Herein, we report a new oxidative ring opening/alkynylation of cyclopropanols with ethynylbenziodoxolones for the synthesis of alkylated alkynes using a combination of silver(I) nitrate and potassium persulfate as the catalytic system (Scheme [1]);[6] this method allows selective radical cleavage of the C–C bond in a wide range of cyclopropanols[7] by various terminal alkynes, including aryl- and alkyl-substituted alkynes, and represents a mild and practical route for the assembly of alkylated alkynes.[8]
We began our study by investigating the reaction between 1-(4-methoxyphenyl)cyclopropan-1-ol (1a) and 1-(phenylethynyl)-1,2-benziodoxol-3(1H)-one (2a, Ph-EBX) to optimize the reaction conditions (Table [1]). The results demonstrated that the ring opening/alkynylation reaction occurred in the presence of silver(I) nitrate alone and it enabled the formation of the desired product 3aa in 33% yield (entry 1). Gratifyingly, the addition of oxidants, such as potassium persulfate, sodium persulfate, ammonium persulfate, and dibenzoyl peroxide (BPO), improved the yield of 3aa (entries 2–5), and potassium persulfate showed the most reactivity. Identical results to those obtained using two equivalents of potassium persulfate were obtained when using three equivalents of potassium persulfate (cf. entries 2 and 6). A number of other silver catalysts (entries 7–10), including silver(I) acetate, tetrafluoroborate, triflate, and carbonate, also had high catalytic activity in this reaction, but they were less effective than silver(I) nitrate. We found that the amount of silver(I) nitrate used also affected the reaction result: using 30 mol% of silver(I) nitrate did not improve the yield compared to the use of 20 mol% of silver(I) nitrate (entry 11), but using 10 mol% of silver(I) nitrate reduced the yield to 60% (entry 12). Surprisingly, the reaction took place in the absence of a silver salt, albeit with lower yield (45%) (entry 13). A similar yield (49%) of 3aa was isolated when three equivalents of potassium persulfate were used in the absence of silver(I) nitrate (entry 14). The results suggest that silver(I) nitrate may play two roles, both as a accelerator and an oxidant. The use of other solvents, dichloromethane–water, 1,2-dichloroethane, acetonitrile, tetrahydrofuran, and N,N-dimethylformamide, was also examined, but the yields of 3aa were lower than with dichloromethane (entries 15–19). Screening the effects of the reaction temperature revealed that a reaction temperature of 30 °C gave optimal results (entries 2, 20, and 21).

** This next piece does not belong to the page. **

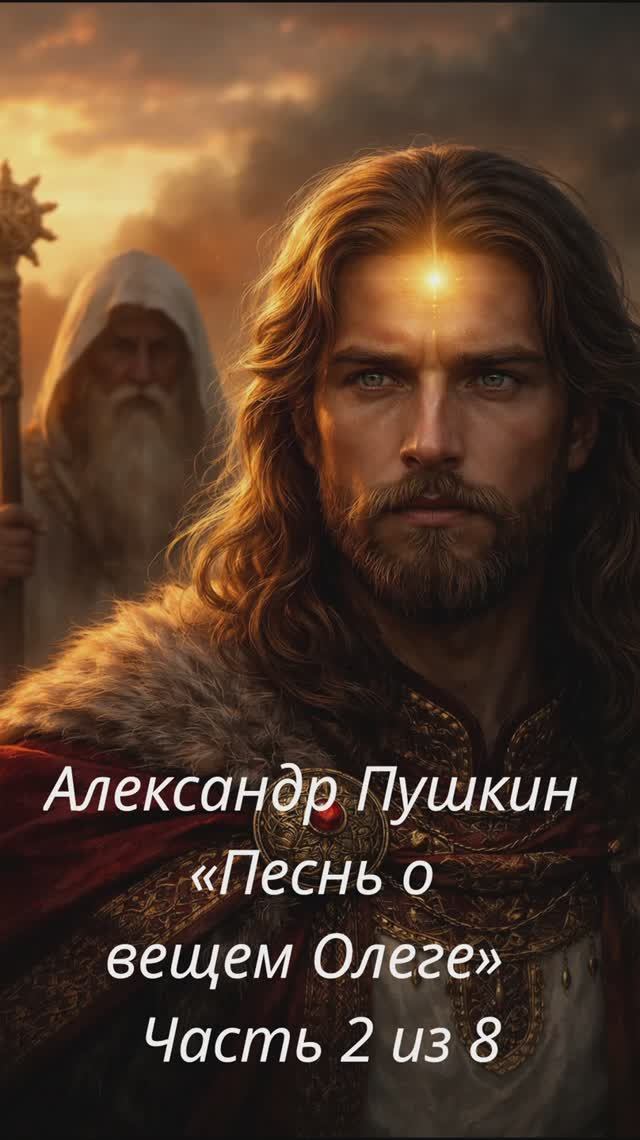 Александр Пушкин — «Песнь о вещем Олеге»  Часть 2 из 8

a Reaction conditions: 1a (0.3 mmol), 2a (1.5 equiv), [Ag], oxidant, solvent (1 mL), 30 °C, under argon, 16 h.
b Isolated yield.
c CH2Cl2–H2O (1:1).
d At r.t.
e At 40 °C.
With the optimal conditions in hand, we set out to investigate the scope and limitations of this oxidative ring opening/alkynylation protocol with regard to cyclopropanols 1 and 1-(substituted ethynyl)-1,2-benziodoxol-3(1H)-one 2 (Tables 2 and 3). As shown in Table [2, a] variety of 1-(arylethynyl)-1,2-benziodoxol-3(1H)-ones 2b–h and 1-(3,3-dimethylbut-1-ynyl)-1,2-benziodoxol-3(1H)-one (2i) were viable for the construction of the corresponding alkynes 3ab–ai in moderate to good yields, however, 1-[(trimethylsilyl)ethynyl]-1,2-benziodoxol-3(1H)-one (2j; TMS-EBX) did not give 3aj. Using 1-(phenylethynyl)-1,2-benziodoxol-3(1H)-ones 2b–h, several substituents, such as Me, Br, CN, Ac, and Ph groups, on the phenyl ring attached to the acetylene were well tolerated giving products 3ab–ah. For example, 1-(p-tolylethynyl)-1,2-benziodoxol-3(1H)-one (2b) gave 3ab in 70% yield. 1-(4-Cyanophenylethynyl)-1,2-benziodoxol-3(1H)-one (2f) and 1-(3-acetylphenylethynyl)-1,2-benziodoxol-3(1H)-one (2g) with a para-cyano or para-acetyl group were also converted into products 3af and 3ag in moderate yields. Importantly, bromo-substituted 1-(phenylethynyl)-1,2-benziodoxol-3(1H)-ones 2c–e utilized under the optimal conditions gave bromo-substituted products 3ac–ae that could undergo subsequent modifications at the halogenated positions. In the case of 1-(biphenyl-2-ylethynyl)-1,2-benziodoxol-3(1H)-one (2h) containing an ortho phenyl group the desired product 3ah was obtained in 51% yield. We found that the optimal conditions were compatible with 1-(3,3-dimethylbut-1-ynyl)-1,2-benziodoxol-3(1H)-ones (2i) giving product 3ai in moderate yield.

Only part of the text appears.